Ah! İstanbul Ah! ...
Zil çalıyor zerafetin etekleri
Zıtlıklara “aman sende” diyerek geçtik
Ruhum serseri, esrimiş gönlüm...
Ruhların zarafetine uygun kabirler seçtik
Cilveleşip imgelerle, dirhem dirhem
Cılız sesleri, şüpheyle ıskartaya çıkardık ya biz
Satacağım bu gece seni!
Sevgiliye kalp gözüyle bakanlardan değiliz! ..
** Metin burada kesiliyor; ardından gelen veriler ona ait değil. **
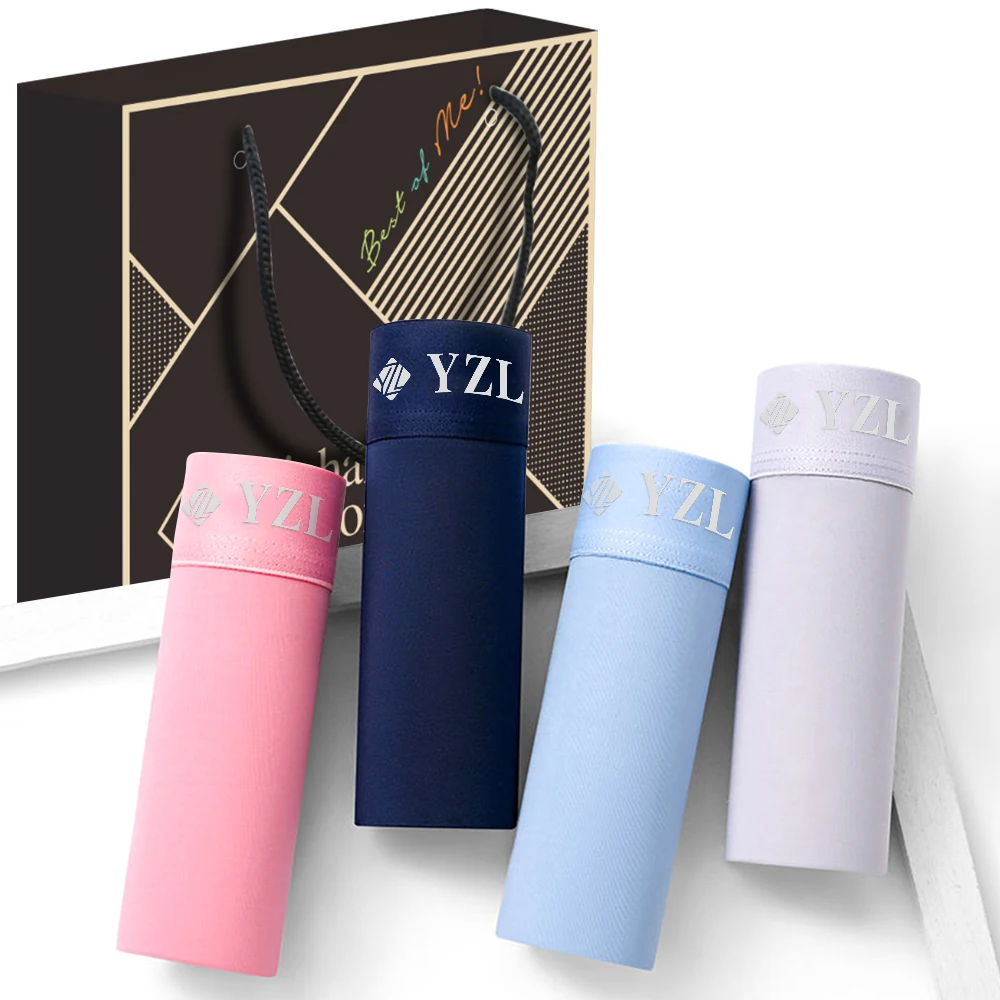 Men's Underwear ice Silk Flat Corner Shorts pants Summer Thin Antibacterial Modal Large Boys' Seamless Top Quality with Gift Box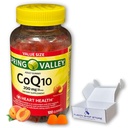 Coq10 200mg Gummies- Coenzyme Supplement for Adults Natural Flavor, 200 mg 100 ct (Pack of 1), Boxed by Fusion Shop Store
Hüznü belinden kırıp, eylemlerimle yıkacağım
Ve ben sana göz yaşlarımla bakacağım
Aşk kanunlarını! ..
Bir yanar dağın boğazına bırakıp…
Oysa, zemheri gecenin sonrasında
Tekamülde tek sabrın dolmasında
Saydam bir gün düşlüyordum
Derken, düşlerimde ayaz ve ben üşüyorum!
Kadehleri, dalgakıranlarla parlatıp
Darından muzdarip olmuş, şu ırgat
Zerdali gölgesinde demleyecektim gündüzü
Koynunda geçirmeyi düşlediğim gibi geçen güz’ü.,
Aşiyan ki anılar seli
Aşiyan ki, sırtım kambur yollar engebeli
İnce sızım, eski göz ağrısı kumrular ağlıyor!
Ağlayan göz ve özden kopan damlalar!
Vallahi, yüreğimi dağlıyor…
Uykusu kaçmış, çocuklar gibi huysuzum
Hani bana diyecekti; Neyin var kuzum?
Arzu şahikalarından sesleniyorum;
Ve sevgi damarlarından besleniyorum.,
“İmanı gevredi de şu Vefa’nın
İpiyle kuyusuna inildiğinde cefanın
Semt olmaktan ileri gidemedi” Ey! Şehir...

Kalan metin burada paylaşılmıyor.